Supplied data: Begin
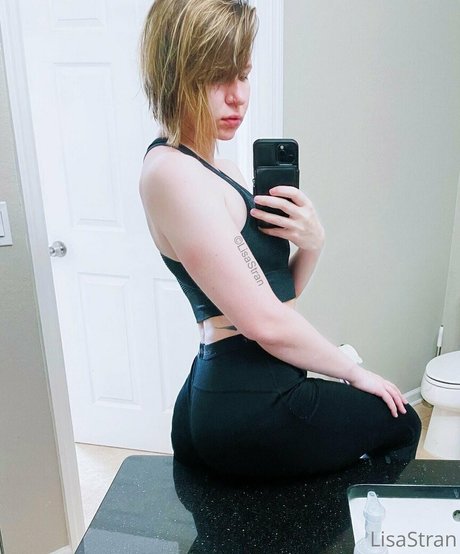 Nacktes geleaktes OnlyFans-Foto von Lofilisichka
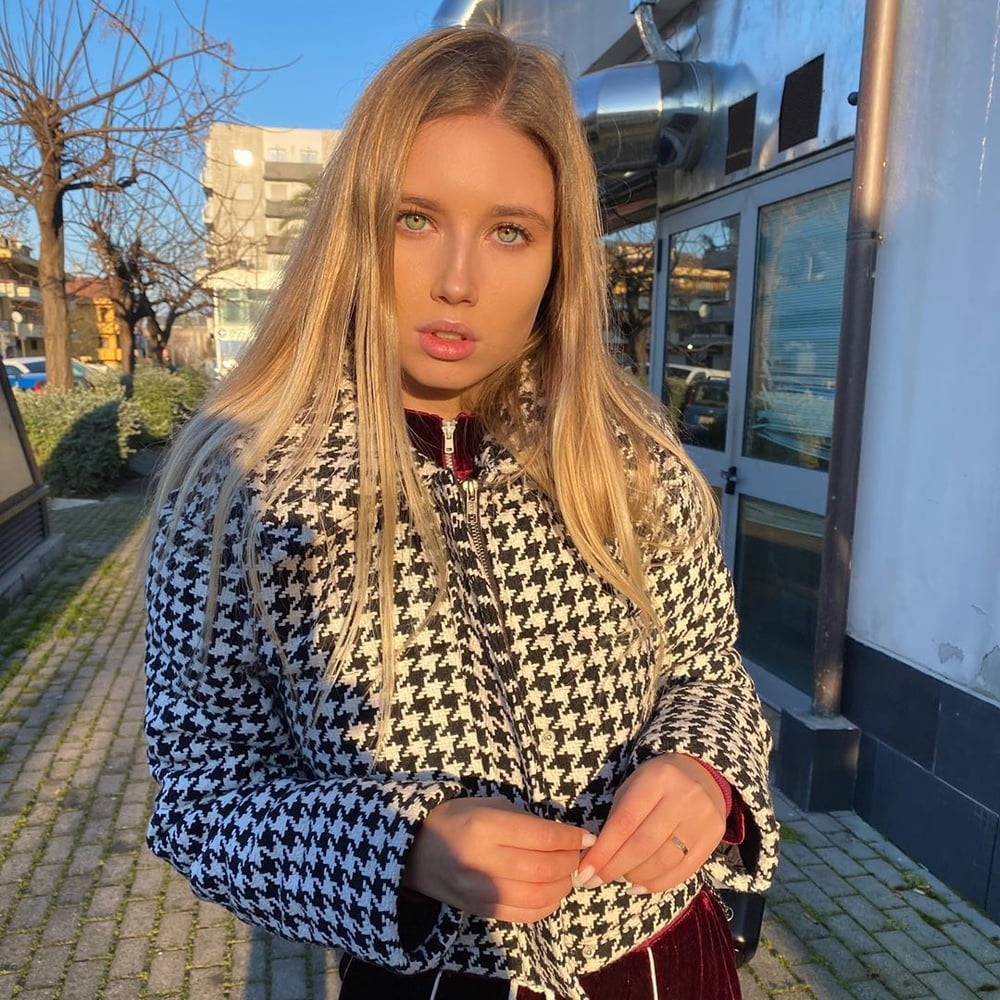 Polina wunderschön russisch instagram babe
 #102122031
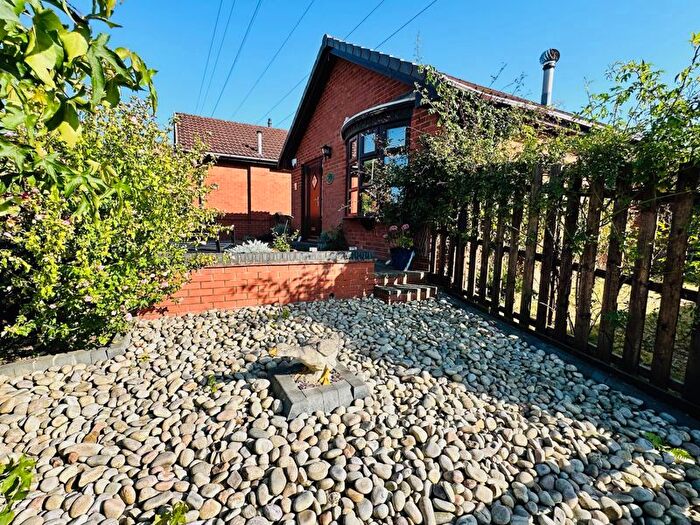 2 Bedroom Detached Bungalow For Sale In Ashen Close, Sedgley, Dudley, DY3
Supplied data: End
#### Exercise description
Repeat the listing in full and exactly. Leave any pictures out.

#### Exercise solution
 Nacktes geleaktes OnlyFans-Foto von Lofilisichka
 Polina wunderschön russisch instagram babe
 #102122031
 2 Bedroom Detached Bungalow For Sale In Ashen Close, Sedgley, Dudley, DY3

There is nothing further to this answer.